#### Task to complete
Each line from the one holding "Acogedor apartamento en" to the last line of the listing must be set down exactly. No pictures are to be included.

#### Given data

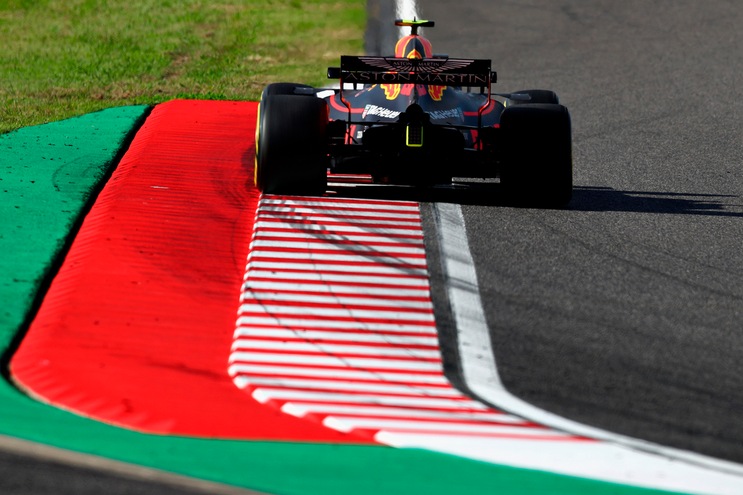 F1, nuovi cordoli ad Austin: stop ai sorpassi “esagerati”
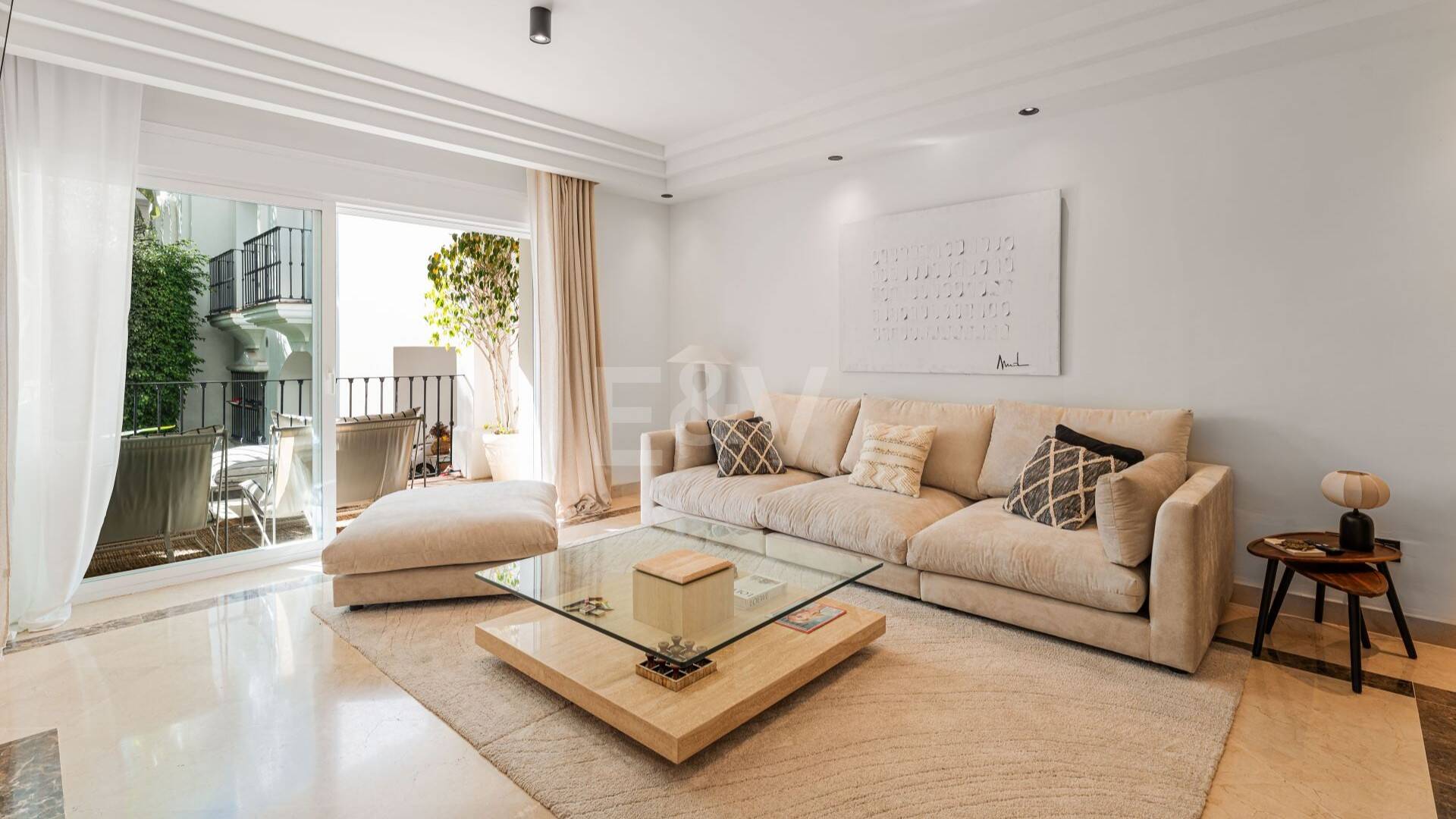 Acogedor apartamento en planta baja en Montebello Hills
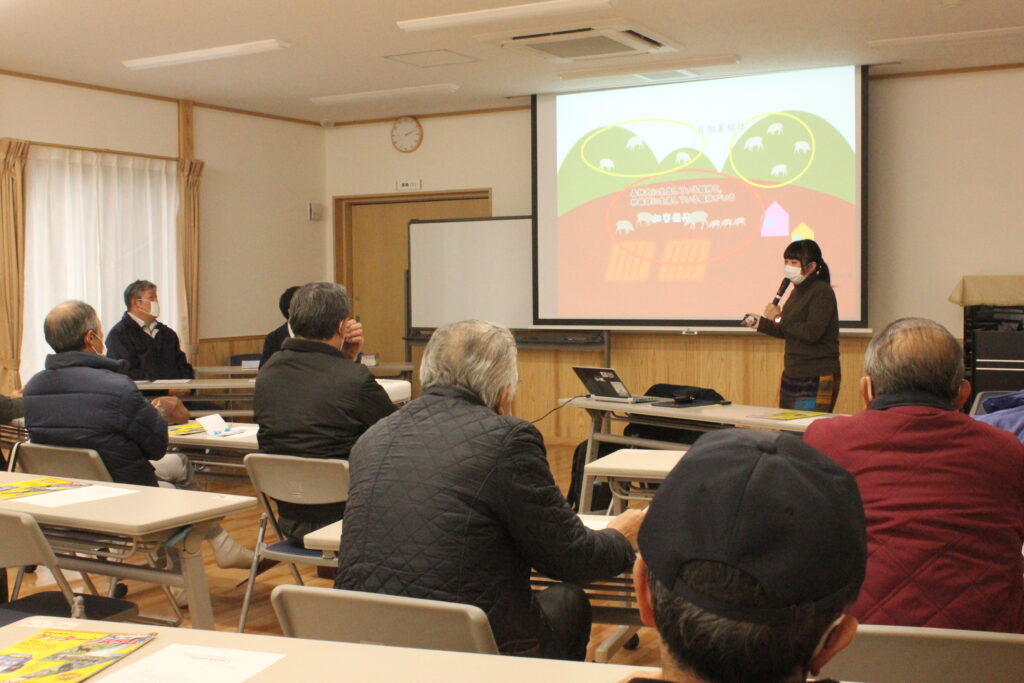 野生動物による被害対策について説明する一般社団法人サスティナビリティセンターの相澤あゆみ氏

#### Exercise response
 Acogedor apartamento en planta baja en Montebello Hills
 野生動物による被害対策について説明する一般社団法人サスティナビリティセンターの相澤あゆみ氏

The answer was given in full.